You’ve almost certainly heard of Poets’ Corner, the spot within Westminster Abbey given over to the commemoration of the nation’s authors, poets and playwrights. Amongst dozens of others you’ll find Chaucer’s tomb, plaques to Edward Lear, Wordsworth, D H Lawrence and the Bronte sisters, the graves of Dickens and Browning, a statue of Shakespeare and the bust of Longfellow, windows to the memory of Marlowe, Oscar Wilde and Mrs Gaskell.
But it’s not the only such grouping within the Abbey. There’s ‘musicians’ aisle’, the ‘statesmen’s aisle’ and, in front of the choir screen that divides the nave, ‘scientists’ corner’.

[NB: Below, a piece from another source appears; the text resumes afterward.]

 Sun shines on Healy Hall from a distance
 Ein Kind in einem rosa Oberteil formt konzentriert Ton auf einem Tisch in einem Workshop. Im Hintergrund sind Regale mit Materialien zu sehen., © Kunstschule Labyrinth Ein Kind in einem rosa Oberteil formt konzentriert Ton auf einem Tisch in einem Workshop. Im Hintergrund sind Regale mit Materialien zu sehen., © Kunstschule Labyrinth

This is the group of graves and memorials centred on the grave and commemorative statue to Sir Isaac Newton (1643-1727), the eminent scientist of the period. Responsible for advances in mathematics, optics, physics, astronomy; deviser of calculus, laws of motion and gravitational theory, he is one of the towering figures of science. “Hic depositum est, quod mortale fuit Isaaci Newtoni” says the epitaph on the grey marble slab that covers him: “here lies what was mortal of Isaac Newton”. The English translation is repeated on the nearby memorial stone to Stephen Hawking, a successor to Newton as Lucasian Professor of Mathematics at Cambridge University. Hawking’s ashes were interred in the Abbey in 2018.